### Required action
Each line in the records below, from the one that contains "7015 Ridge Ave #26, Philadelphia, PA 19128" to the one that contains "深谷市東方町　第6　新築一戸", should be reproduced exactly, the first and last included.

### Record extracts
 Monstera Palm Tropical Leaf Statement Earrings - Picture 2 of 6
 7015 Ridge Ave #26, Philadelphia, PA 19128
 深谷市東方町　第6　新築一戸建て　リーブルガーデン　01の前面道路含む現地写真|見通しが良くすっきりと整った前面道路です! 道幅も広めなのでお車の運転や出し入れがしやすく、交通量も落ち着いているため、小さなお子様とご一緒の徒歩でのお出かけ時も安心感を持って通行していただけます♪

==

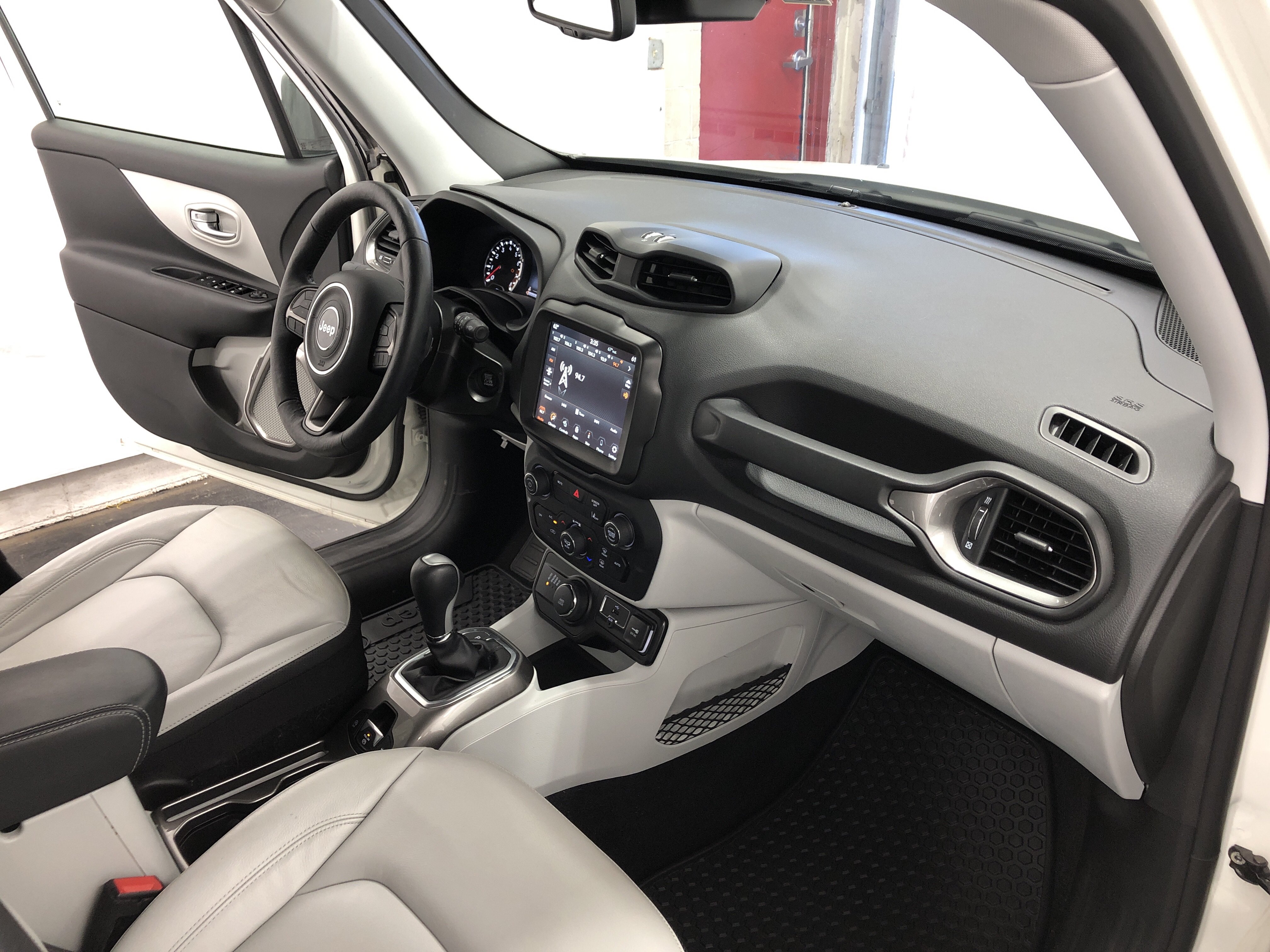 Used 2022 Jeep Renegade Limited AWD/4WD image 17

---

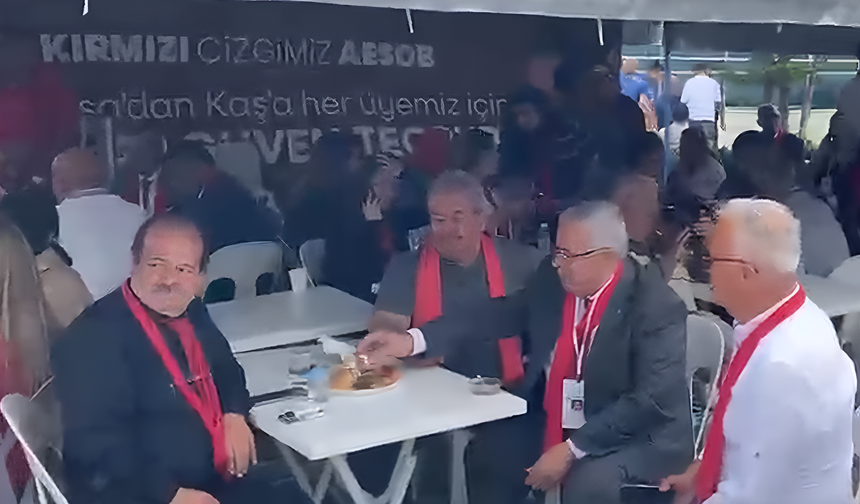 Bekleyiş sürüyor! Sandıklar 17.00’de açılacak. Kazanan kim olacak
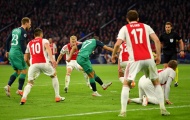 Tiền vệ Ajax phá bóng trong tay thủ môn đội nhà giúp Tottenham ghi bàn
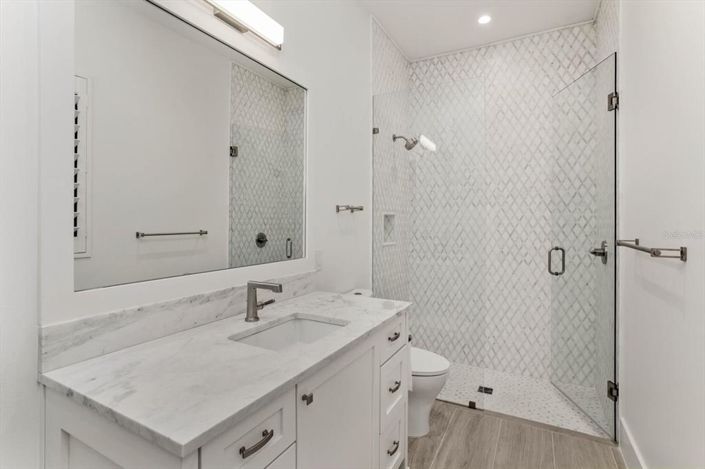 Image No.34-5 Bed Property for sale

### The answer
 7015 Ridge Ave #26, Philadelphia, PA 19128
 深谷市東方町　第6　新築一戸建て　リーブルガーデン　01の前面道路含む現地写真|見通しが良くすっきりと整った前面道路です! 道幅も広めなのでお車の運転や出し入れがしやすく、交通量も落ち着いているため、小さなお子様とご一緒の徒歩でのお出かけ時も安心感を持って通行していただけます♪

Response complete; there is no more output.